*Task goal:*
For the listing below, output exactly the lines from the line with "荥经砂器茶具111111111111" up to and including the line with "Feathers Of Love product image (2)", and no other lines.

*Data for the task:*
★ ★ ★ ★

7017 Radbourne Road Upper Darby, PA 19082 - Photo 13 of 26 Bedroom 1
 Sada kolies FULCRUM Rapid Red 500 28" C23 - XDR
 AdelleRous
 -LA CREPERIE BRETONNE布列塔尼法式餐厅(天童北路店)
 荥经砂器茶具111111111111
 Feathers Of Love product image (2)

★ ★ ★ ★

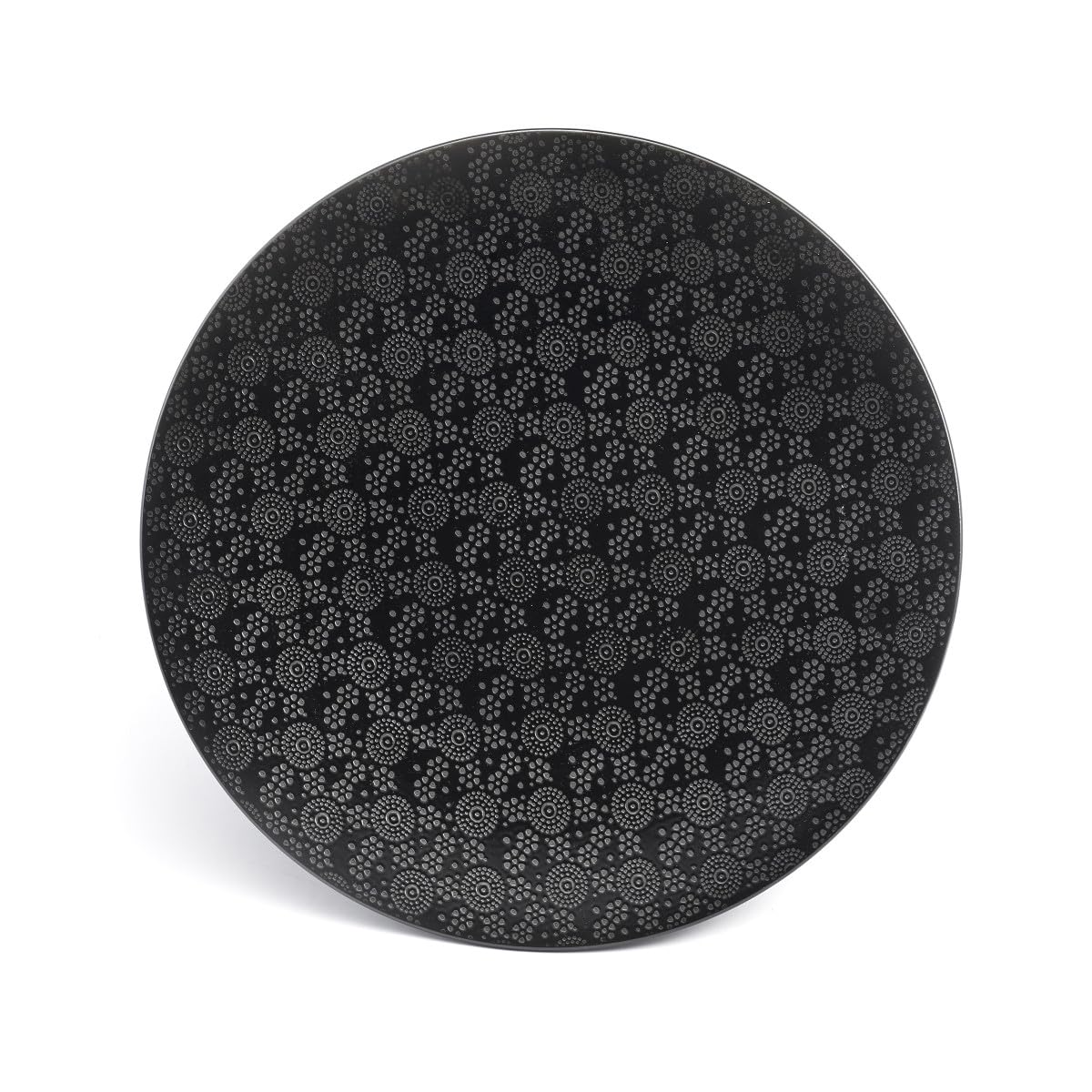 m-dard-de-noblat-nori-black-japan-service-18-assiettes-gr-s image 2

★ ★ ★ ★

*Your solution:*
 荥经砂器茶具111111111111
 Feathers Of Love product image (2)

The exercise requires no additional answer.